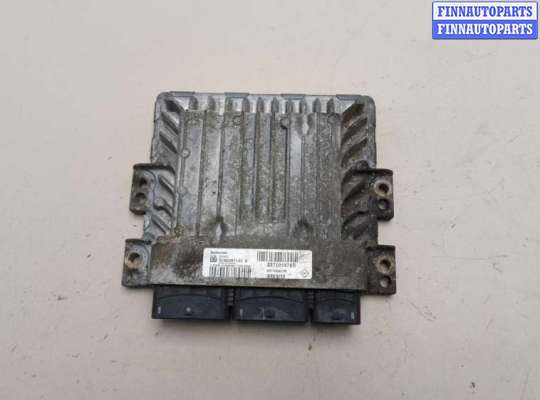 ЭБУ ДВС (блок управления двигателем) на Renault Scenic III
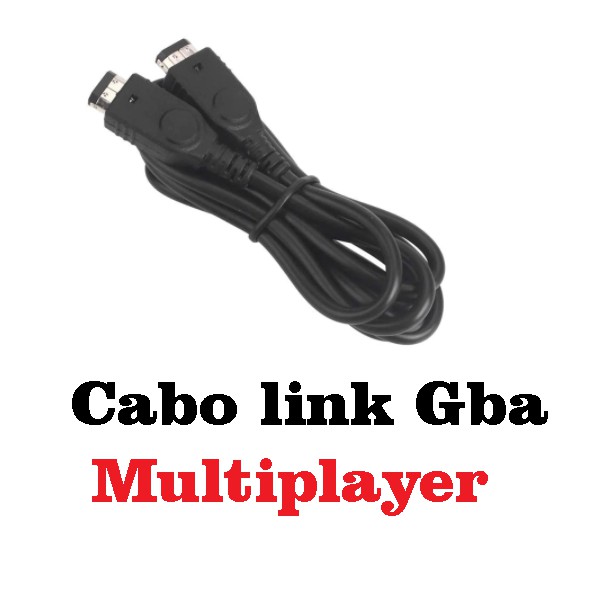 Cabo Link Gba ( Game boy advance) Multiplayer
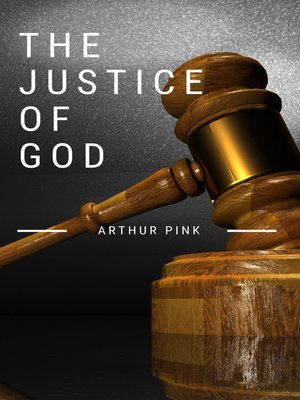 cover image of The Justice of God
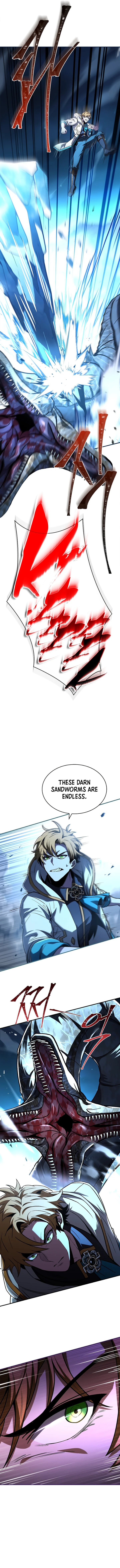 Talent-Swallowing Magician Chapter 58 - Page 5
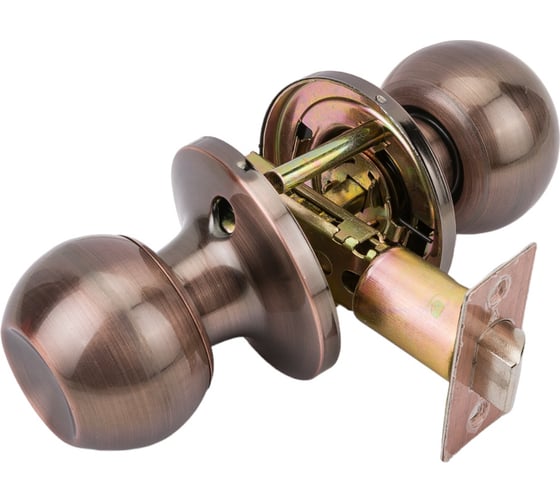 Изображение товара Ручка-кноб PALIDORE Arsenal 607 AC PS, медь 98760180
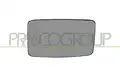 Tükörlap cserélhetö bal-jobb, fehér, domb.(90-től) - Iharos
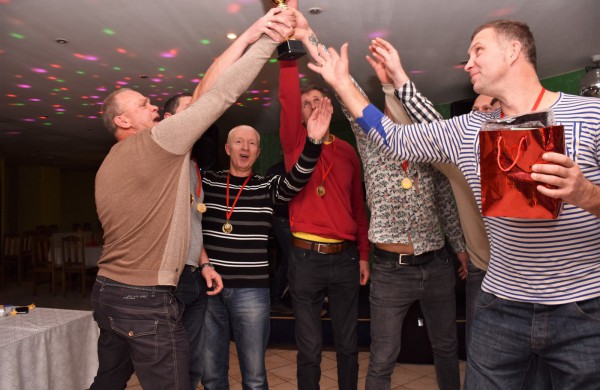 Dvidešimt antrajame nusipelniusio trenerio atminimo turnyre – dešimt komandų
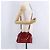 Borsa LOUIS VUITTON Monogram Vernis Alma BB 2way Red Slys M90174 Auth BA15815A Rosso - vista 32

__Assigned task__. Once the line with "Cabo Link Gba" is found, write out that line and every later line of the listing above exactly, through the last one, and skip any pictures.

__Written reply__.
 Cabo Link Gba ( Game boy advance) Multiplayer
 cover image of The Justice of God
 Talent-Swallowing Magician Chapter 58 - Page 5
 Изображение товара Ручка-кноб PALIDORE Arsenal 607 AC PS, медь 98760180
 Tükörlap cserélhetö bal-jobb, fehér, domb.(90-től) - Iharos
 Dvidešimt antrajame nusipelniusio trenerio atminimo turnyre – dešimt komandų
 Borsa LOUIS VUITTON Monogram Vernis Alma BB 2way Red Slys M90174 Auth BA15815A Rosso - vista 32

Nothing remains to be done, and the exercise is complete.